To tackle this major crisis, the mobilisation and coordination of technical and financial partners (TFPs) is essential, particularly within the Sahel Alliance, as is the use of local stakeholders and their strengthening.

AFD has been operating in the education sector in the Sahel for over 20 years, supporting public policies and education systems in the region’s countries. We are currently funding nearly 50 projects for a total of €461 million, mainly through donations (80%) from funds allocated to us by the French government or delegated to us by the Global Partnership for Education.

Thanks to this funding, France has contributed to the enrolment of 900,000 students, the majority of whom are girls, in primary and secondary education, and to improve teachers’ professional skills and the effective management of education systems.

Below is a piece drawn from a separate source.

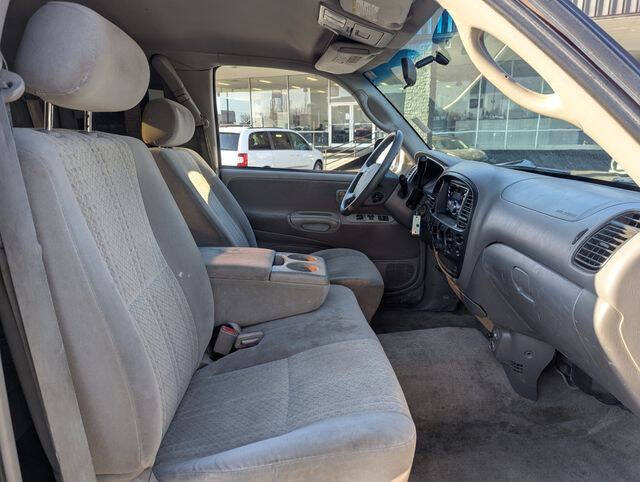 2003 Toyota Tundra for sale at Axio Auto Boise in Boise, ID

Our actions are always carried out at the request of the partner countries and tend to respond as precisely as possible to the specific needs and context of each territory. Therefore, we provide support for public policies, through budget financing and tailor-made programmes or projects, taking into account the diversity of challenges faced by the population: education, but also health, climate, security, etc. We ensure that our actions are coordinated with other partners in order to provide complementary and effective actions.

In Burkina-Faso and Niger, AFD was chosen as a partner agent for Global Partnership for Education financing and has carried out high-impact actions for education systems up until the last few months. In Chad, in the Lake region, AFD has simultaneously taken into account the various concerns of populations: in addition to security issues, there are significant needs in terms of access and quality of education for young children, as well as health and nutrition. The implementation of this project, carried out in close collaboration with other TFPs, in particular the Swiss cooperation, has been entrusted to local NGOs, working as closely as possible with the affected populations.

Access to the basic service that is education as part of an integrated territorial approach, advocated by the Sahel Alliance, seems to be most relevant in the Sahel; it is an excellent means of coordination between development partners to ensure better territorial coverage, including in the most fragile areas.